Die Ausstellung im Haus der Brandenburgisch-Preußischen Geschichte, Potadam, stellt die Lebensreformbewegung in Brandenburg mit ihren zentralen Strömungen Naturheilkunde, Vegetarismus, Nacktkultur und Siedlungsbewegung vor. Sie erzählt in 15 Stationen von Orten und Menschen, die alternativen Lebensweisen auf unterschiedlichste Weise Raum gaben.
Mehrere Stationen in der Ausstellung.
ganz rechts: Ausatemübung: Einatmung ohne Anstrengung | (Hans Surén) | Fotografie von Gerhard Riebicke | Reproduktion aus: Hans Surén: Der Mensch und die Sonne, Stuttgart 1927
Gildenhall bei Neuruppin: Die Kunsthandwerker-Siedlung Gildenhall (1921–1929) ist ein Zusammenschluss selbstständiger Handwerksbetriebe auf genossenschaftlicher Basis.

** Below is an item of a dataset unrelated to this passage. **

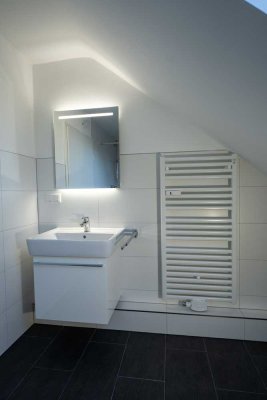 Wohnen in Vohwinkel. Schöne 2-Zi.-DG-Wohnung mit Küche, Diele, Duschbad mit Fenster & Stellplatz.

Hier leben und arbeiten Kunsthandwerker, die zum Teil von Werkbund und Bauhaus kommen. In bewusster Abkehr von industrieller Massenproduktion wollen die Gildenhaller hier Leben, Arbeiten und Wirtschaften im Sinne der Lebensreform neu gestalten. Künstler und Architekten arbeiten gemeinsam an Bauten und Inneneinrichtung. In einer Zimmerei, Töpferei, Handweberei, Nadelstickerei, Drechslerei, Tischlerei, Schmiede, Maler- und Bildhauerwerkstatt wird hochwertig, aber erschwinglich produziert. Werbung und Vertrieb organisiert eine eigene Gesellschaft. Neben den Betriebsstätten und Siedlungshäusern gehören auch eine Schule und ein Theaterbetrieb zu Gildenhall. In Gildenhall verbinden sich Genossenschafts- und Gartenstadtbewegung mit einer neuen Produktästhetik, die auf schlichte Funktionalität und Materialgerechtigkeit gerichtet ist.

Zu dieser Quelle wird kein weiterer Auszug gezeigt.